# RECORDED INFORMATION
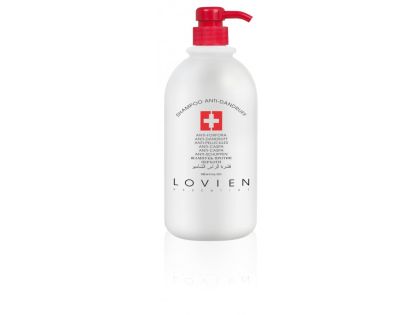 Lovien Shampoo Anti-Dandruff 1000 ml - šampón proti lupům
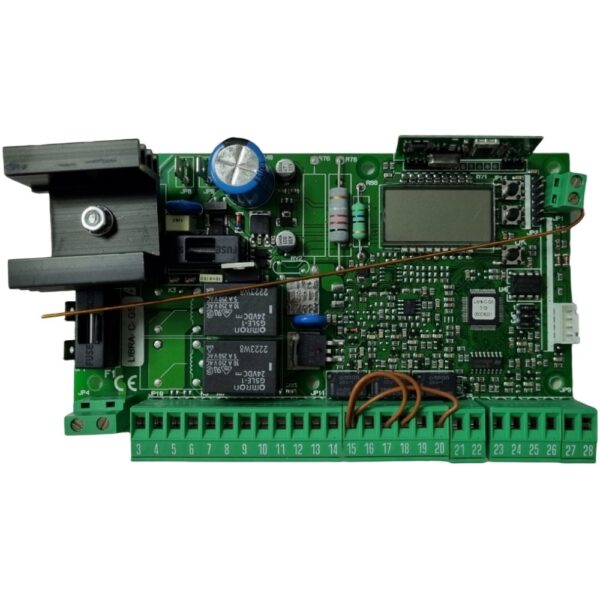 Scheda Centrale Quadro Comando Elettronica Kit Per Giotto S Bt 230V BFT 2610294 I110619 Ricambio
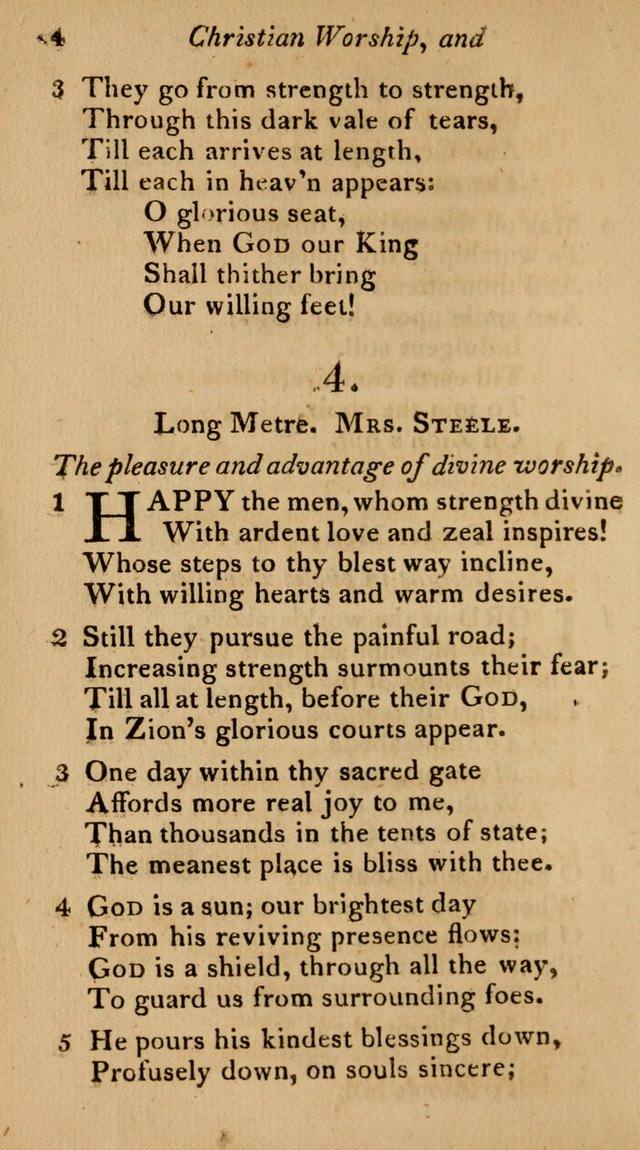 The Philadelphia Hymn Book; or, a selection of sacred poetry, consisting of psalms and hymns from Watts...and others, adapted to public and private devotion page 37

# DIRECTIONS
Working from the lines above, reproduce the material exactly and exclude its pictures.

# WRITTEN REPLY
 Lovien Shampoo Anti-Dandruff 1000 ml - šampón proti lupům
 Scheda Centrale Quadro Comando Elettronica Kit Per Giotto S Bt 230V BFT 2610294 I110619 Ricambio
 The Philadelphia Hymn Book; or, a selection of sacred poetry, consisting of psalms and hymns from Watts...and others, adapted to public and private devotion page 37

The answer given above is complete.